There’s a game I play overseas, and you can play it as well, once we can get away. Sit in a coffee shop in Riga, a wine bar near Rome’s Spanish Steps, a Greek cafĂ© in Banff, a chippie in Glasgow or a restaurant in Reykjavik, and say “G’day!” with a carrying voice, with vowels as flat as a goanna B-double roadkill. Then watch the Australian heads swivel, seeking an unseen compatriot who may have news from home. That single “G’day!” reminds them of where home is, but they never find me.
I knew from a tender age that I would be a writer, and an
Australian writer at that, because Australia has always been my home. I may
speak the rounded vowels of Received Pronunciation, but when I write and play
games, a streak of larrikinism oozes out.

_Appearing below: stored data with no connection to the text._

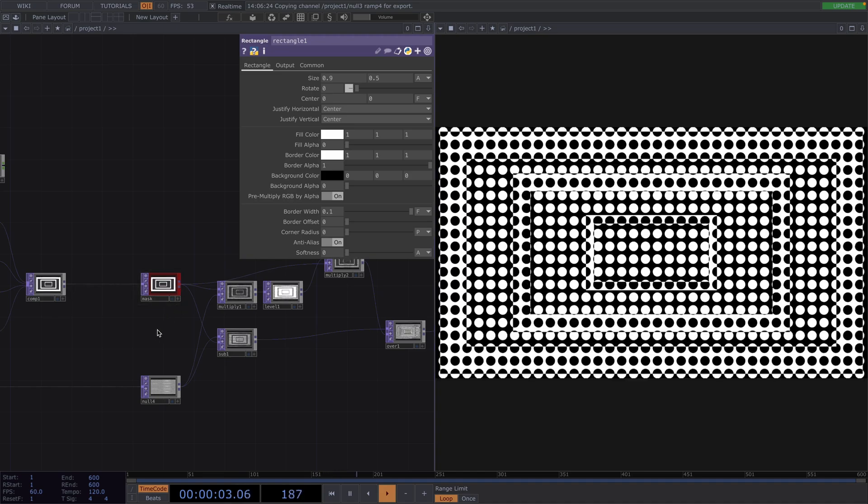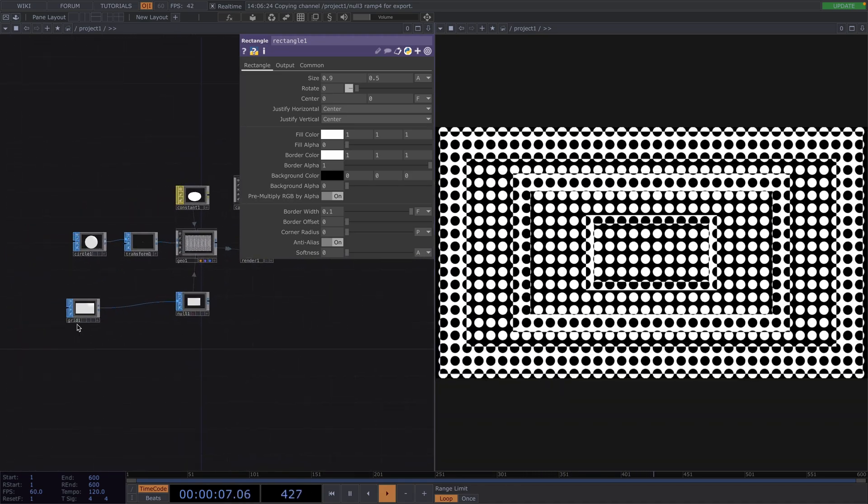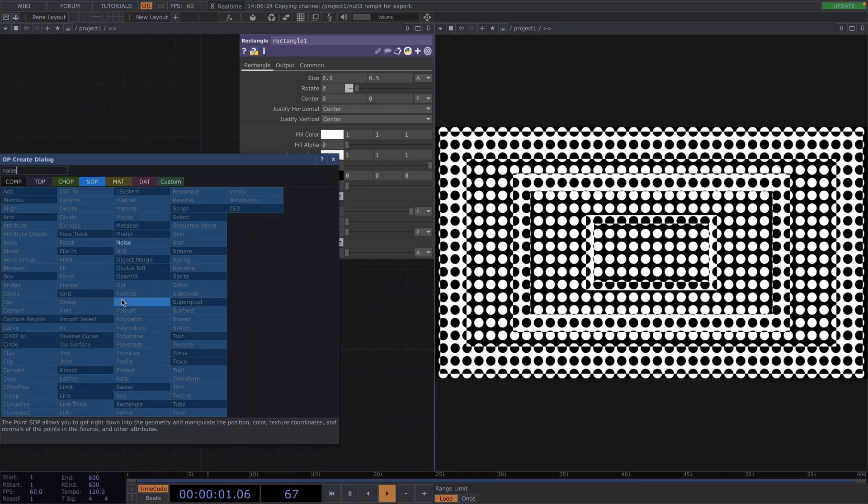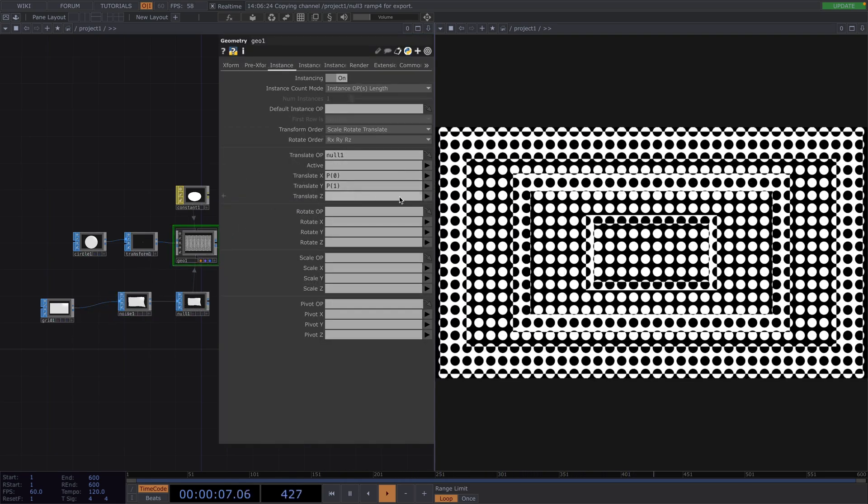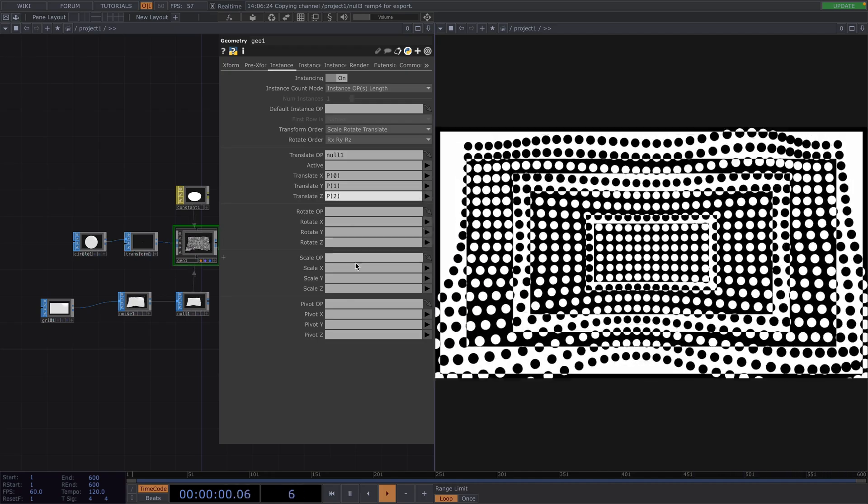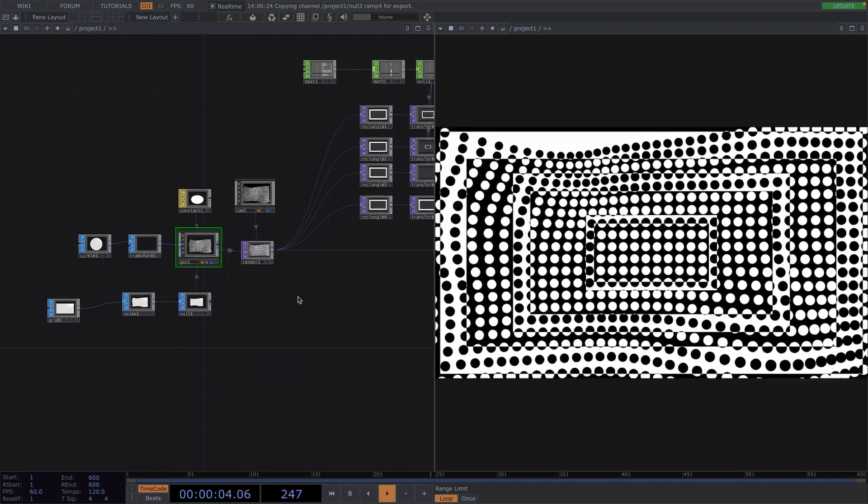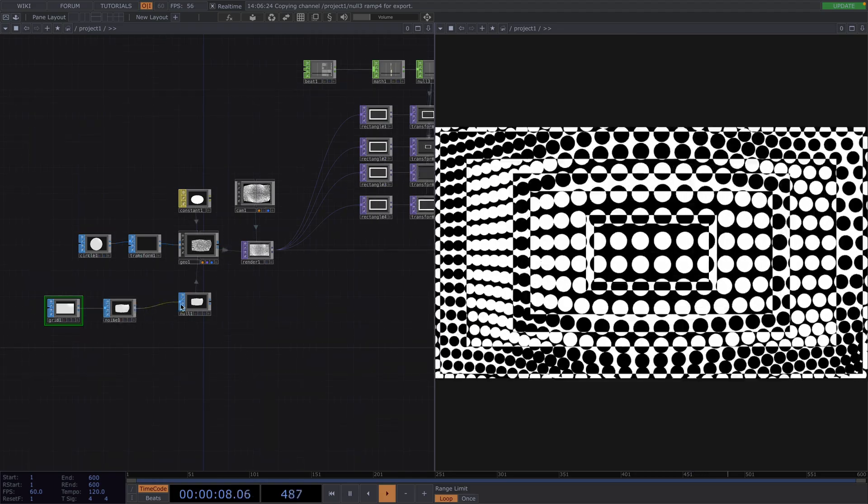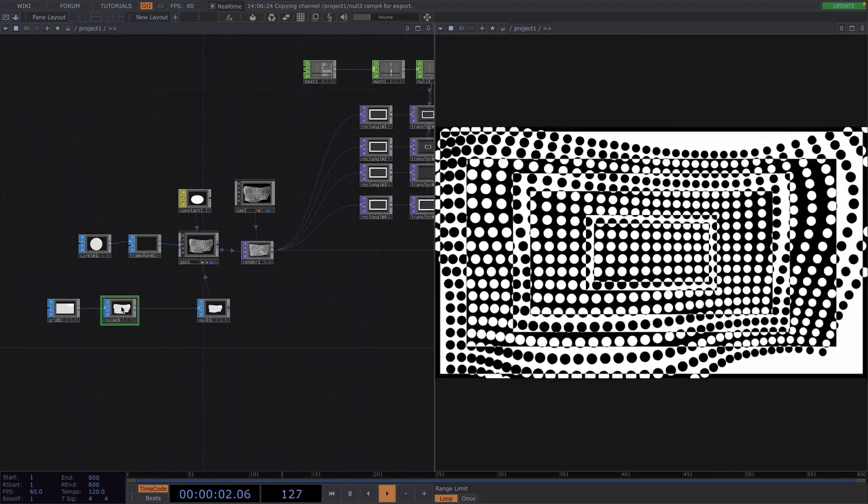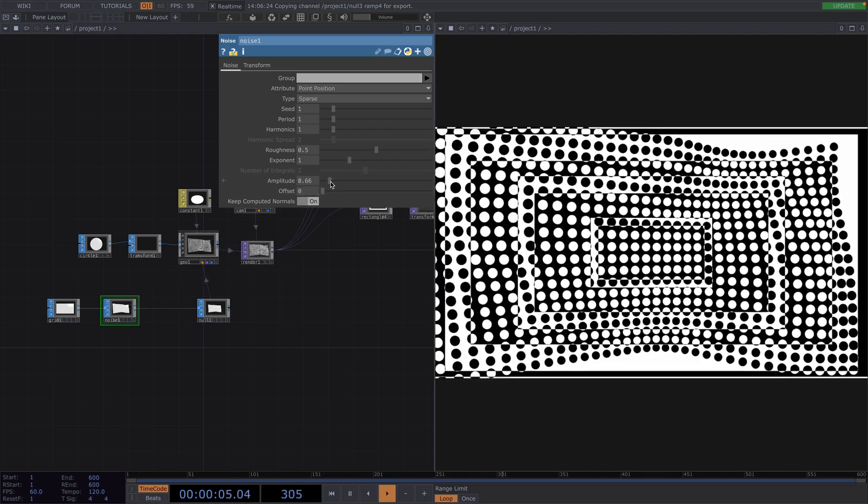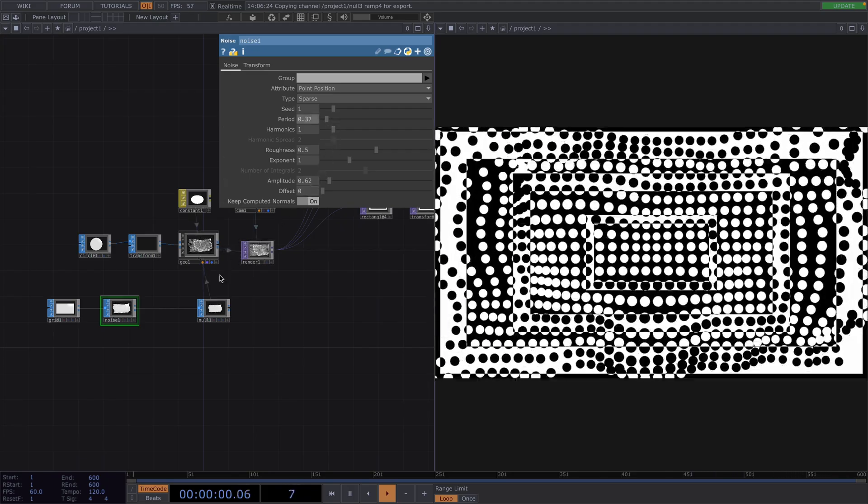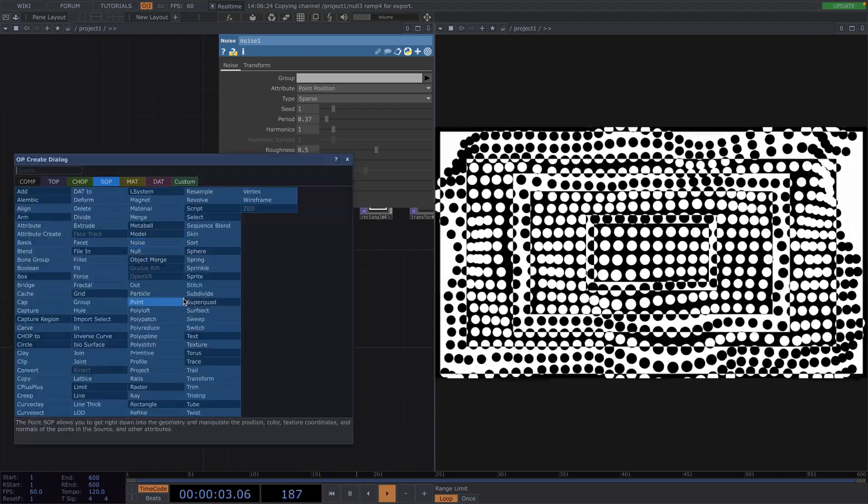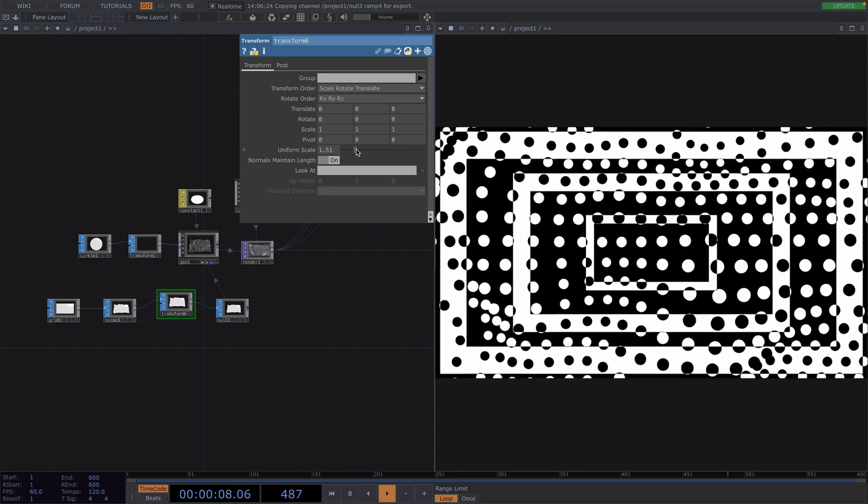Or what we could do is also use the noise to deform the original grid. To actually get the noise to work here, we have to go back to the Geo parameter window where we did the instancing and also set the Translate Z to P2. And in order to get the grid bigger so that we don't have this empty space, we can attach a transform after the noise sop and in the parameter window, increase the uniform scale.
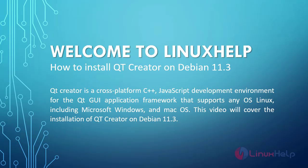Welcome to Linux Help! Today we are going to see how to install Qt Creator on Debian 11.3.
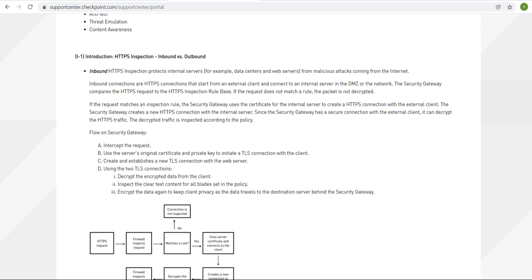The decrypted traffic is inspected according to the policies. The security gateway flow is: (a) intercept the request, (b) use the server's original certificate and private key to initiate a TLS connection with the client, (c) create and establish a new TLS connection with the web server, (d) using the two TLS connections, decrypt the encrypted data from the client, (e) inspect the clear-text content for all blades set in the policy, and (f) encrypt the data again to keep client privacy as data travels to the destination server.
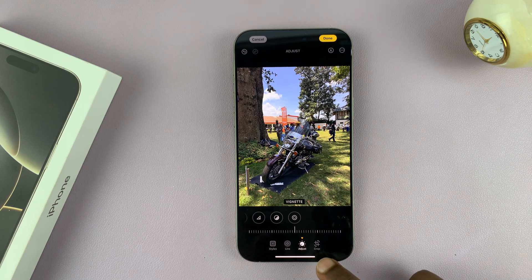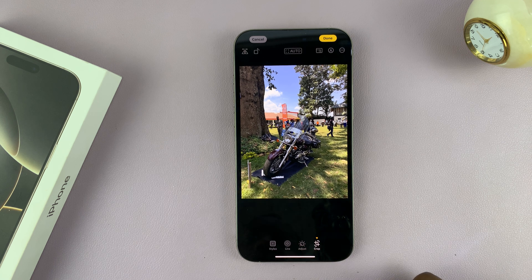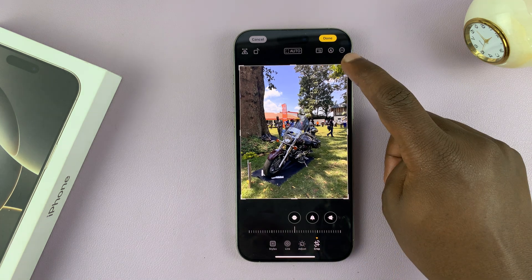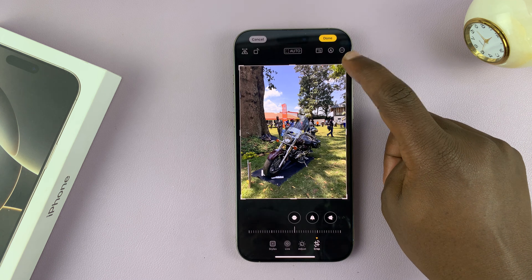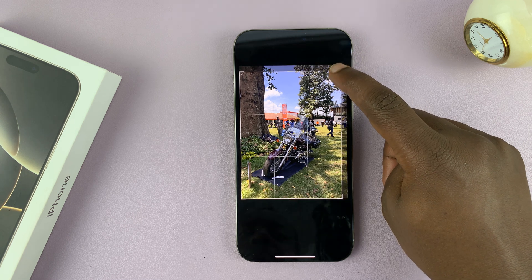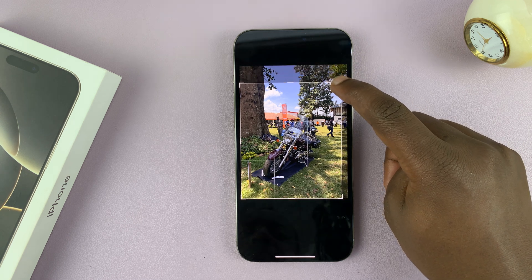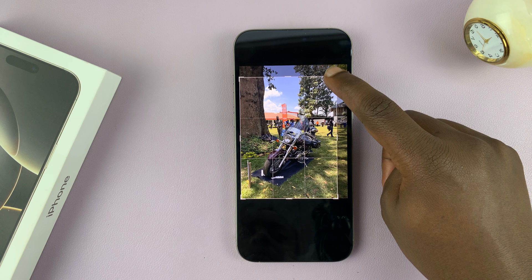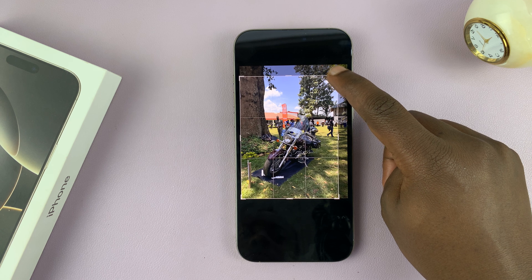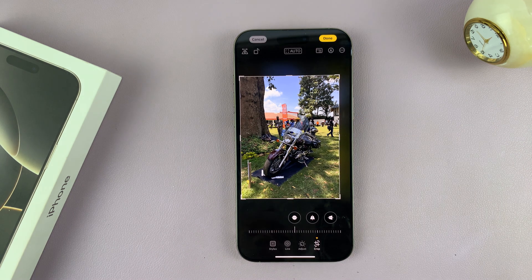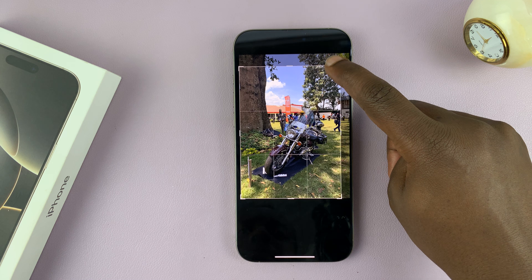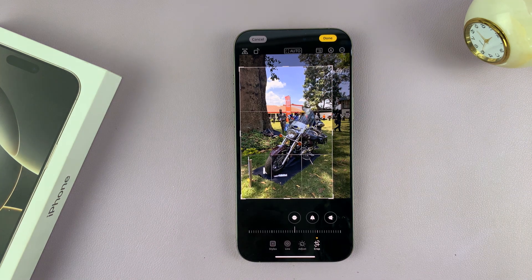The other thing you can do with a photo is crop. You have the crop option here, and you can use it to remove parts of the photo you don't want. For instance, I can crop out that section. If I want to crop out this person, I can just crop like that.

My early role models were Norman Lindsay with his Magic Pudding, Dorothy Wall, who wrote Blinky Bill to kill off the
koala-shooting trade and Leslie Rees, whose ‘Digit Dick’ books and some of his
Oz wildlife stories resonated. It was Henry Lawson who set me going with a
short story His Country—After All,
where an Australian in New Zealand smells the smoke of a fire made of gum
leaves and gum twigs, and gets all nostalgic for home.
The catch: you can’t write smells, though Lawson gave it a
good go. If you want to give a book an Australian flavour, you need the right
words, from the right period. For the past decade, I have been nailing down
Australian words, where they came from, and when, using the National Library’s
Trove collection of digitised newspapers.
I started on this, thinking I might one day write some
historical fiction, even though my day job has been writing straight-out
history. I think it began with an idle thought about when the billy came into
use. A search on (and note the wording!) fulltext:"quart
pot" AND "tea" will show that the humble billy was a quart
pot first of all. The billy was a Tasmanian coinage, I think.
With some distress, I traced the earliest use of “two bob”
back to Charles Dickens, and what could be more Australian than “true blue”?
Alas, The Sydney Gazette and New South
Wales Advertiser mentioned in a filler in 1827 that the term was in use as
early as 1737, in England. Struth, Bruce!
So what about that quintessentially Oz term, ‘larrikin’,
which I define as calling “g’day” in foreign places? Well, ‘larrikin’ emerged
without warning in Melbourne’s The Argus
in 1870. We had paddocks and sheoaks before 1810, and sly grog by 1825, though
it seems people didn’t shout drinks until the 1850s.
Squatters were around from 1825, but back then, they were
shady characters, while until 1805, bushrangers weren’t even thieves, they were
just bushmen. Being an Australian writer has its pitfalls!